Perhaps some people have this fire always. Definitely some never have it. For others -- perhaps most of us -- the flame flickers and may even appear to be extinguished at times.
If I were to graph my research-fire level vs. time, the time averaged result would show a steady presence of research-fire. If you looked at specific data points, however, you would see some extreme wiggles in the curve, including some very low points (though nothing like what one of my PhD students experienced in the lead-up to the defense). In my academic career, there have been months/years, especially during my student years but a few in the post-PhD years, in which events conspired to squelch my enthusiasm for science, research, academia or all three.
The research-thrill always came back. Typically the fire-squelching was driven by some sort of harassment or by major problems with co-workers or students. Through the bad times, however, I never completely lost my interest in research; sometimes it just seemed like the interesting parts of my job were overshadowed by the awful parts. On a few occasions I wondered if it was worth it to keep going or whether I should figure out a new career plan.
I haven't felt that way in a long time. The curve on the research fire level graph has defined a rather high plateau for the last 10 years or so, with only one valley of any note.
I think that once you find a good environment and are fortunate to have the opportunity to do the research you want to do, the research-fire level can stay high and can withstand the occasional negative things that happen in the course of any career and life. After a while, something that would have been a crisis or at least the cause for major anxiety and/or sadness doesn't have such a significant or sustained effect anymore.

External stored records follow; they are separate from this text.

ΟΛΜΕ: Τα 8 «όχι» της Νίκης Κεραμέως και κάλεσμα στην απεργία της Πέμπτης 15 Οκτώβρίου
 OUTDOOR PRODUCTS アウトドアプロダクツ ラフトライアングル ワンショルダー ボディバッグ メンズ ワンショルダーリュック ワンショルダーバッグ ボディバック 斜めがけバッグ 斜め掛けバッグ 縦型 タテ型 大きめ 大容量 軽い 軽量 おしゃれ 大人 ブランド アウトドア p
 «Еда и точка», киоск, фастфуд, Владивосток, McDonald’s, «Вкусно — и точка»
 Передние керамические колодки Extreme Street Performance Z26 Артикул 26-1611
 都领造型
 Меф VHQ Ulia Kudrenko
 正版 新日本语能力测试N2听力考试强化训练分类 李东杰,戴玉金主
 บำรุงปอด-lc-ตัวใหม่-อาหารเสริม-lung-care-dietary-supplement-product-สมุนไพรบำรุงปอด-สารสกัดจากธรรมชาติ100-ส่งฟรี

Tenure helps with this, of course, but so does knowing that you have written successful grant proposals, you have successfully advised grad students and postdocs, you have received good teaching evaluations, and you have published papers (that were cited). Then, even if a proposal is turned down or a paper rejected and even if a vindictive student writes a scathing evaluation or a grad student flames out, you know that life goes on, the research and teaching fun will continue, and the disappointments will be interspersed with more happy events.
That perspective is one reason why I like being middle-aged. Perhaps it is the only reason, but it's a pretty good one all the same.
Tonight my mood (but not fire-level) has taken a minor hit because it turns out that the exciting research results I was expecting have been postponed for a couple of weeks. Unlike holidays and birthdays, which come on schedule, research results can be delayed, alas.